▶ Task prompt:
What's wanted is a faithful retyping of every entry, pictures excluded.

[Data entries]
•••••
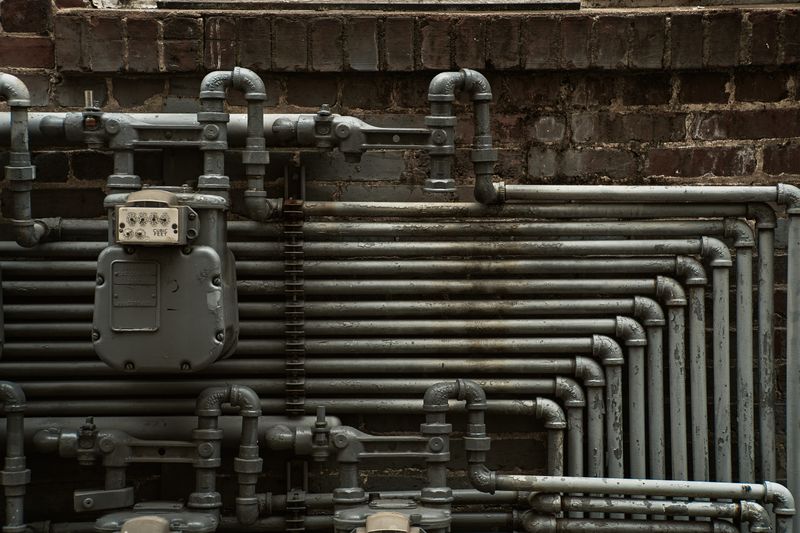 Tuberías de plomería expuestas en pared de construcción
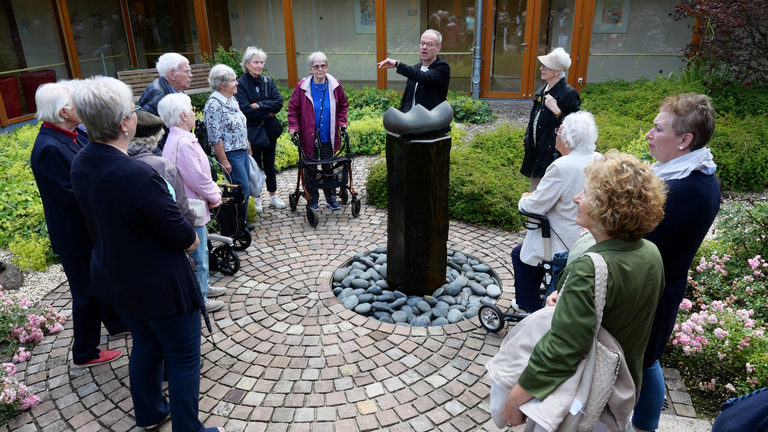 Gruppe steht um eine Skulptur im Hospizgarten im Diakonie Hospiz Volksdorf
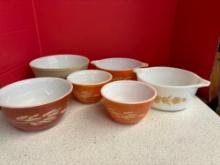 Six Pyrex bowls, various sizes and patterns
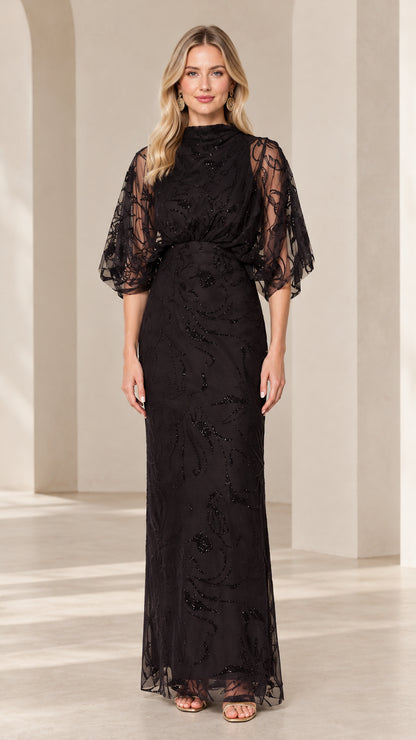 Front view of woman wearing black high-neck beaded maxi evening gown with draped flutter sleeves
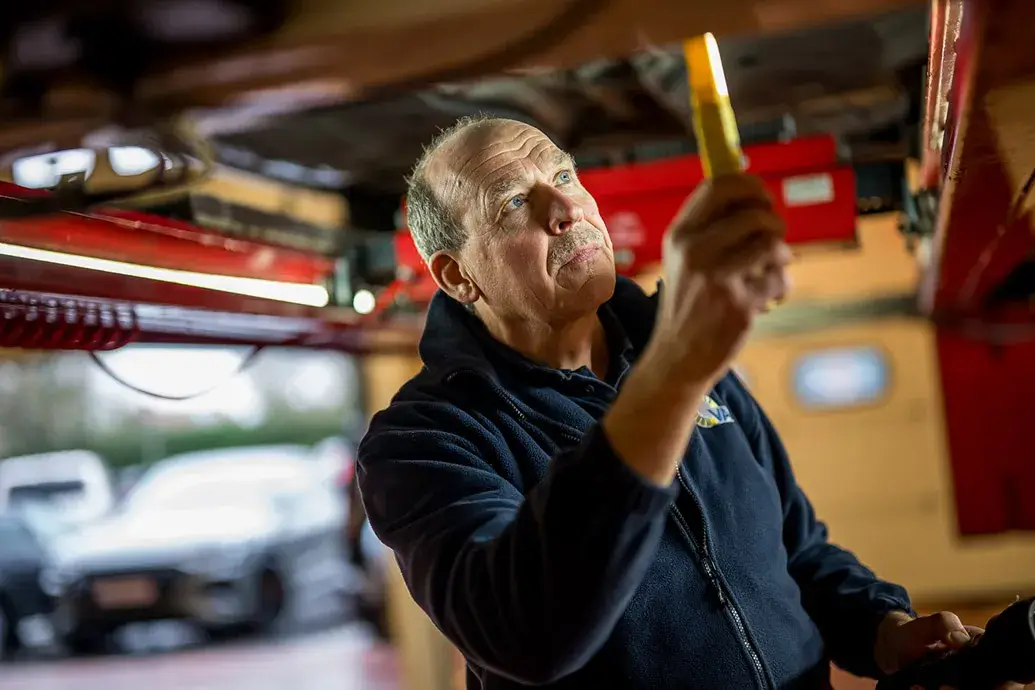 autotechnieker inspecteert de onderkant van een auto met een zaklamp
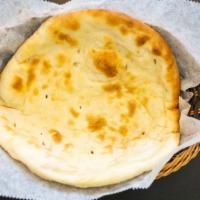 Naan · Top menu item. Leavened white flour baked in a clay oven, served hot.
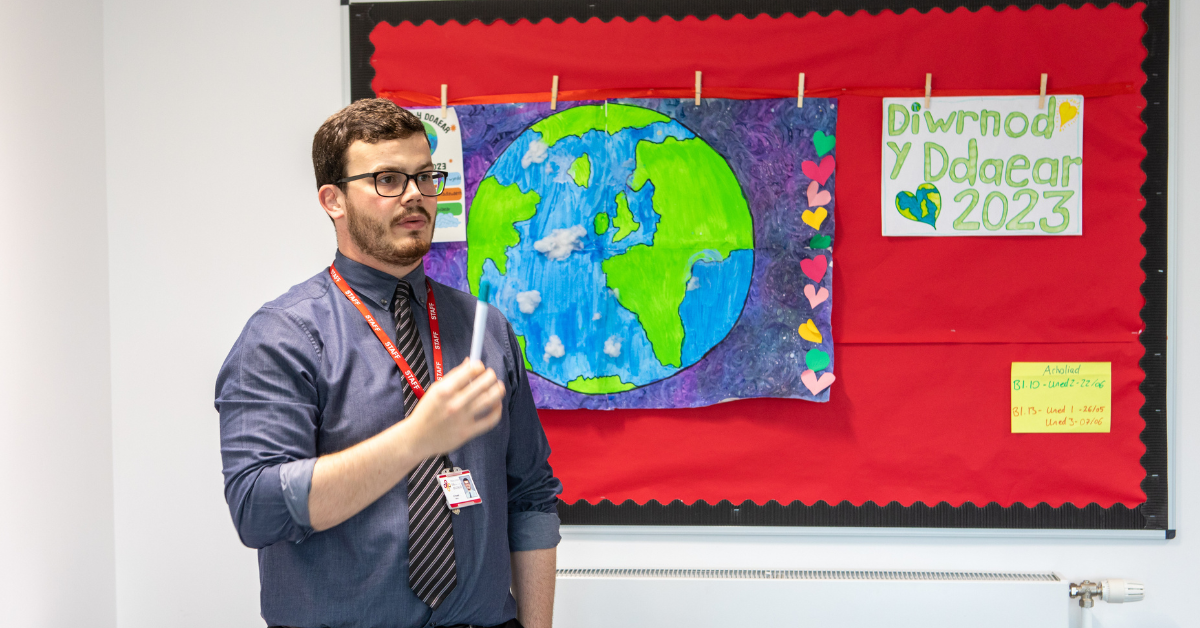 Secondary school teacher stands in front of a poster that says "Diwrnod y Ddaear 2023" ("Earth Day 2023"). The poster features a colourful painting of Earth.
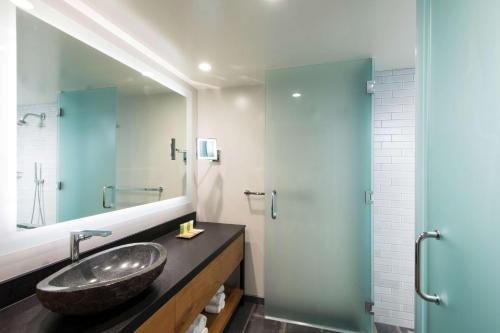 a bathroom with a sink and a mirror at Hilton Grand Vacations Club Ocean Tower Waikoloa Village in Waikoloa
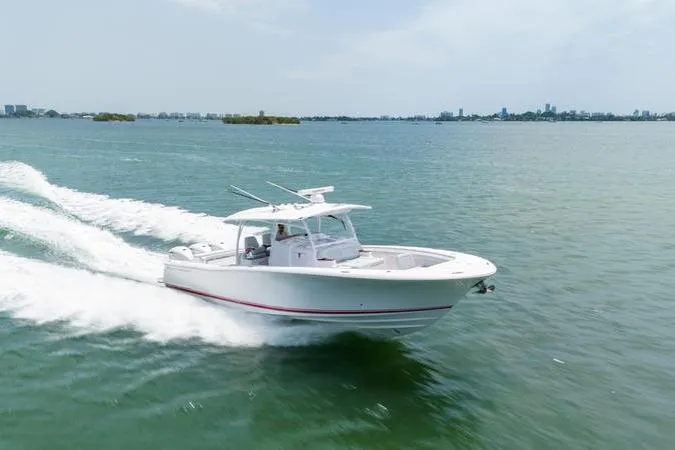 The Image of 2025 Southport 38 FE boat cruising on open water, showcasing sleek design and performance. - 0
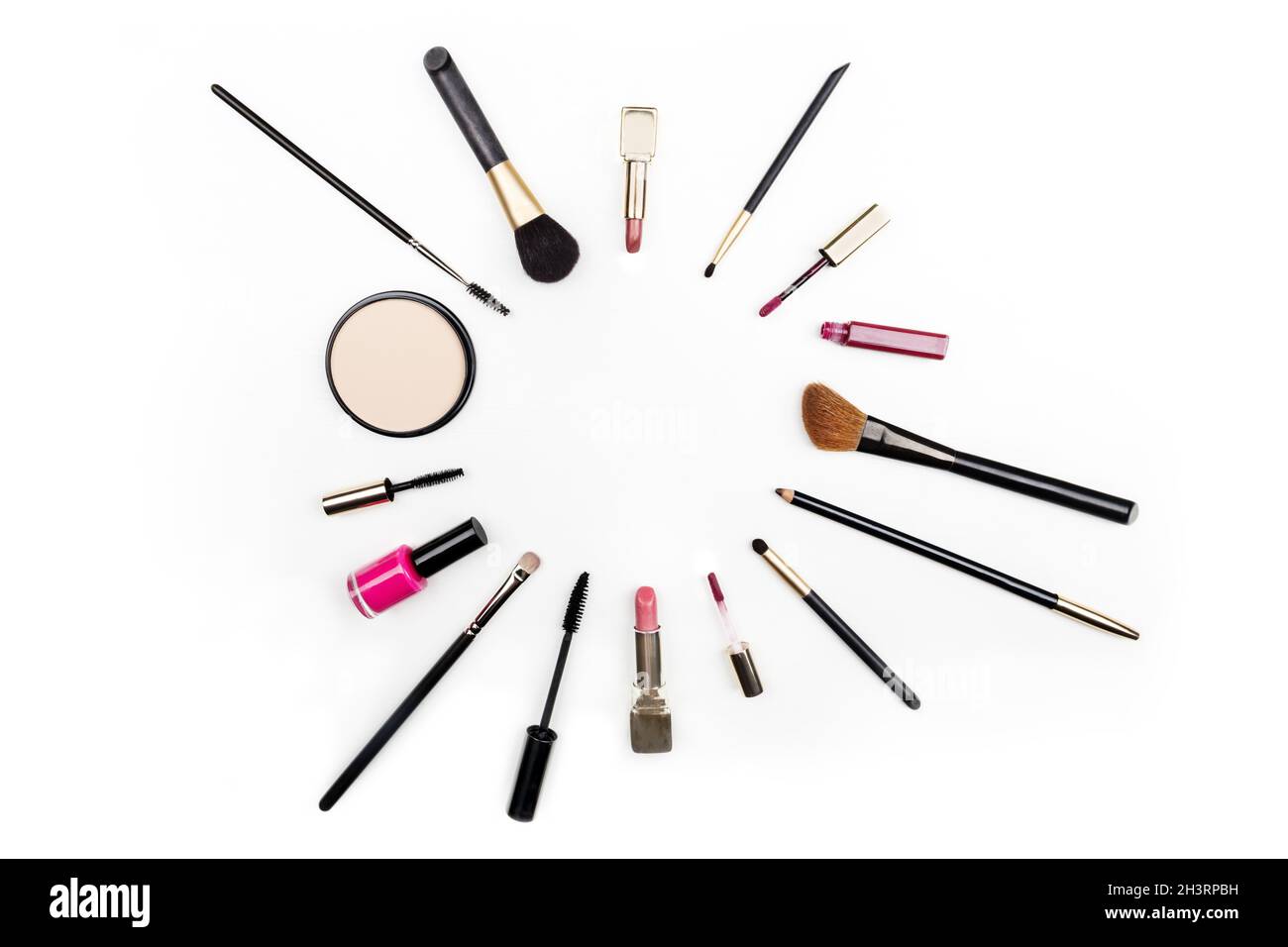 Makeup accessories forming frame with copy space on white Stock Photo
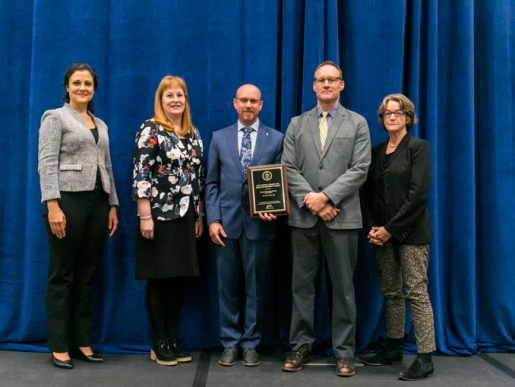 Individuals posing with an award plaque.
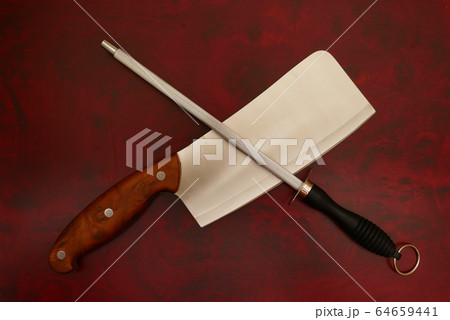 Knife and Sharpener On A Cutting Board Knife and Sharpener On A Cutting Board 64659441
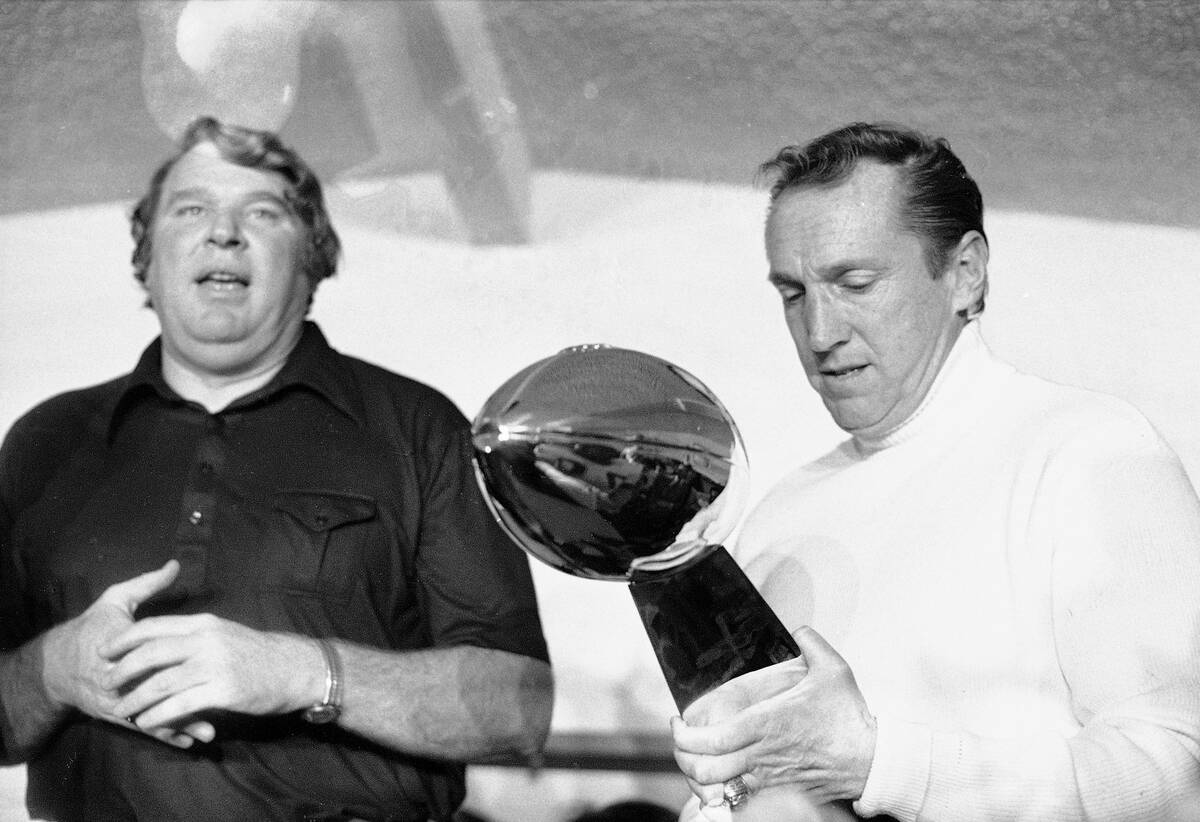 FILE - Oakland Raiders coach John Madden, left, and team owner Al Davis, holding the NFL footba ...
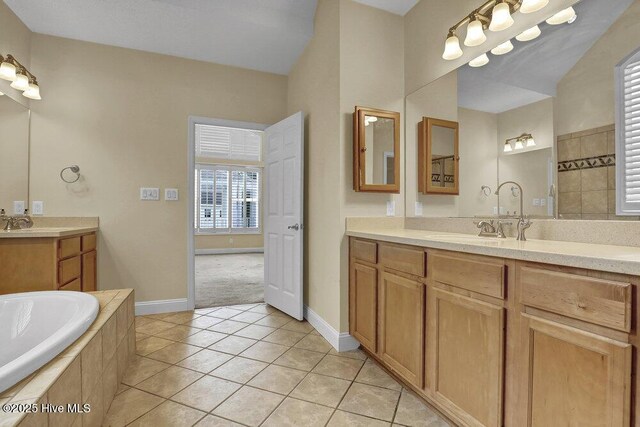 205 S Grist Mill Rd, Hampstead, NC 28443 - bathroom with tile patterned floors, two vanities, tiled tub, and baseboards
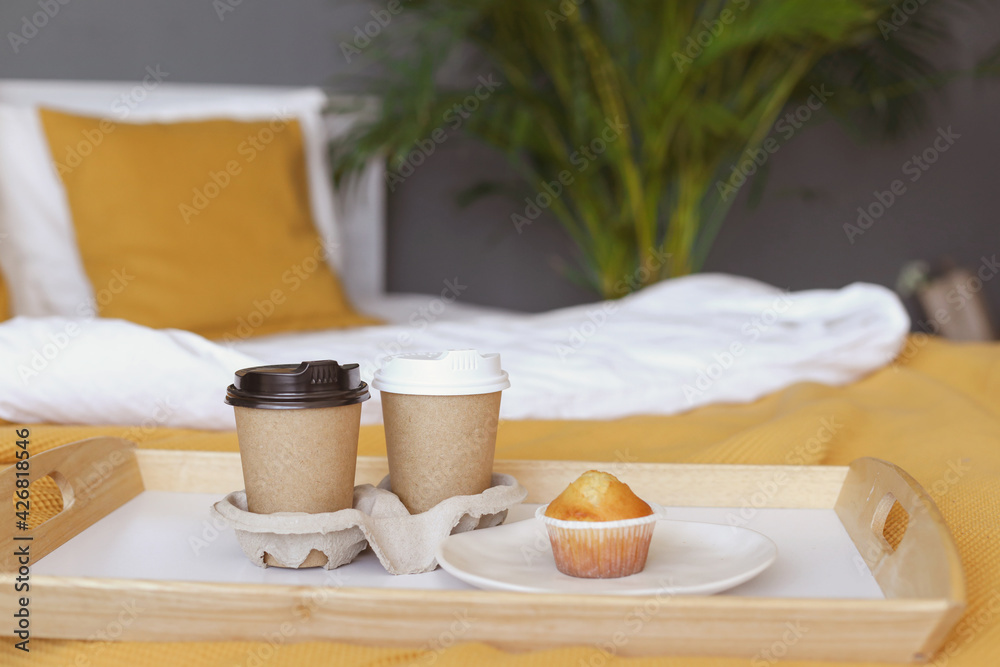 Two coffee cups and a cupcake on a white bed with an orange bedspread in a hotel bedroom banner. Romantic weekend for a couple with breakfast in bed on Valentine's Day.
•••••
▶ Solution below:
 Tuberías de plomería expuestas en pared de construcción
 Gruppe steht um eine Skulptur im Hospizgarten im Diakonie Hospiz Volksdorf
 Six Pyrex bowls, various sizes and patterns
 Front view of woman wearing black high-neck beaded maxi evening gown with draped flutter sleeves
 autotechnieker inspecteert de onderkant van een auto met een zaklamp
 Naan · Top menu item. Leavened white flour baked in a clay oven, served hot.
 Secondary school teacher stands in front of a poster that says "Diwrnod y Ddaear 2023" ("Earth Day 2023"). The poster features a colourful painting of Earth.
 a bathroom with a sink and a mirror at Hilton Grand Vacations Club Ocean Tower Waikoloa Village in Waikoloa
 The Image of 2025 Southport 38 FE boat cruising on open water, showcasing sleek design and performance. - 0
 Makeup accessories forming frame with copy space on white Stock Photo
 Individuals posing with an award plaque.
 Knife and Sharpener On A Cutting Board Knife and Sharpener On A Cutting Board 64659441
 FILE - Oakland Raiders coach John Madden, left, and team owner Al Davis, holding the NFL footba ...
 205 S Grist Mill Rd, Hampstead, NC 28443 - bathroom with tile patterned floors, two vanities, tiled tub, and baseboards
 Two coffee cups and a cupcake on a white bed with an orange bedspread in a hotel bedroom banner. Romantic weekend for a couple with breakfast in bed on Valentine's Day.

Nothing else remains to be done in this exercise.